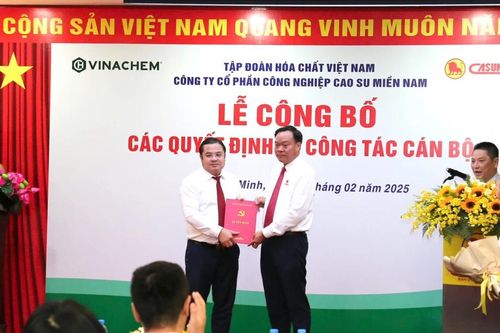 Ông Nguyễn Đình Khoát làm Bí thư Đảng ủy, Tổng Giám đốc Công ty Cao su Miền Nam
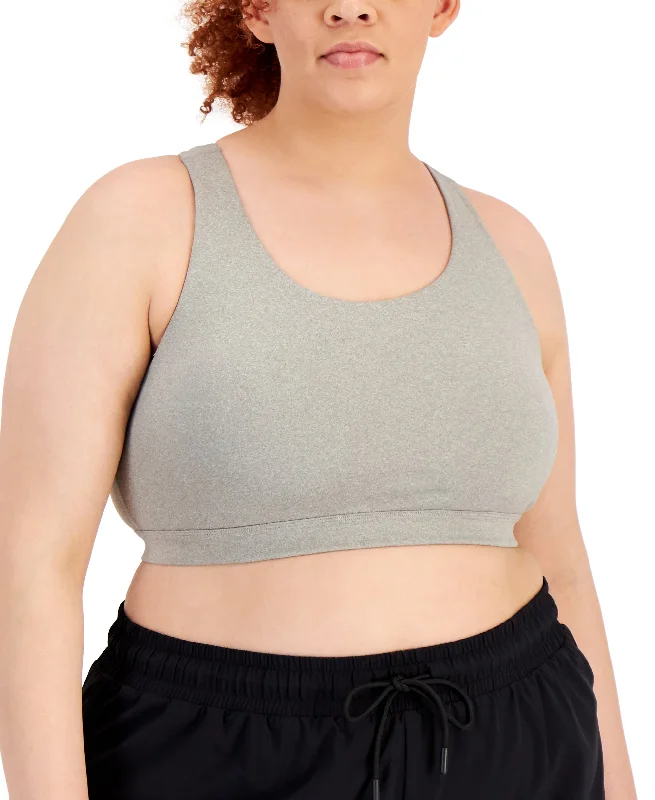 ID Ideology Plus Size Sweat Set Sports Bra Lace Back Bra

******

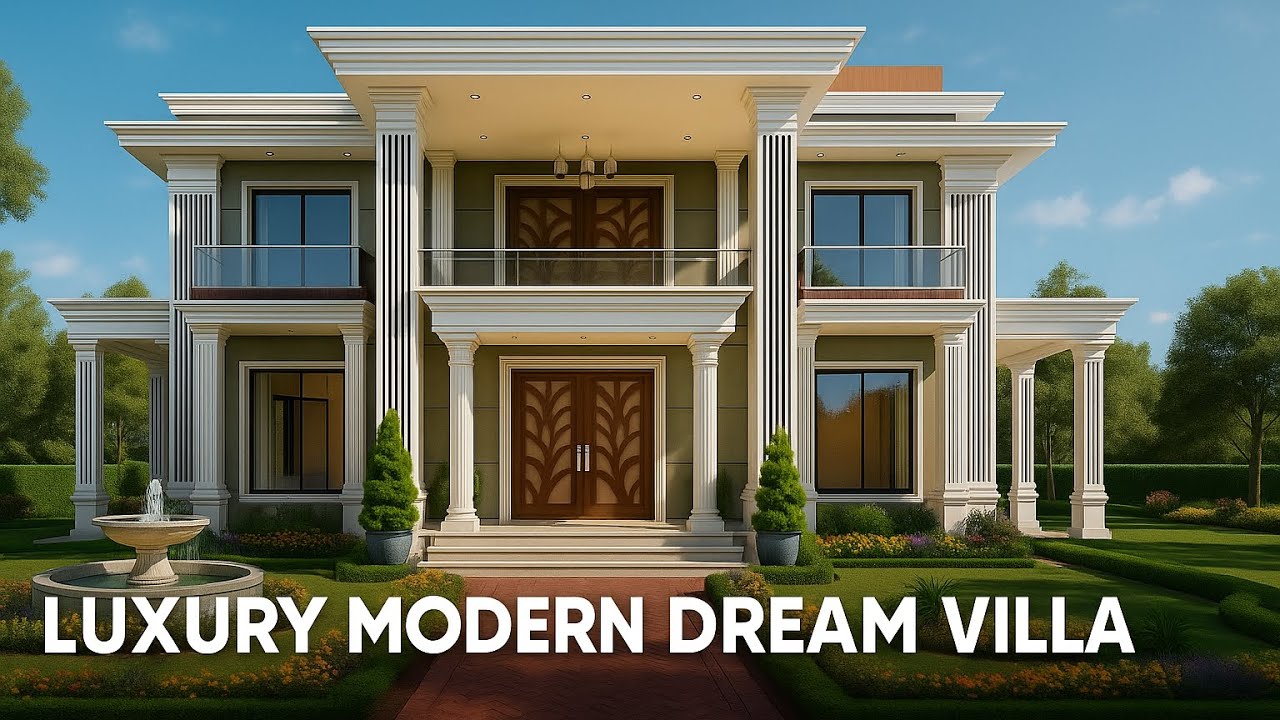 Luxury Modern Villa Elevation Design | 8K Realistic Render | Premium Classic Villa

******

Only one part of the material above is wanted: the lines from the one with "Ông Nguyễn Đình" up to and including the one with "ID Ideology Plus". Please copy them exactly, pictures left out.

* **Answer space**
 Ông Nguyễn Đình Khoát làm Bí thư Đảng ủy, Tổng Giám đốc Công ty Cao su Miền Nam
 ID Ideology Plus Size Sweat Set Sports Bra Lace Back Bra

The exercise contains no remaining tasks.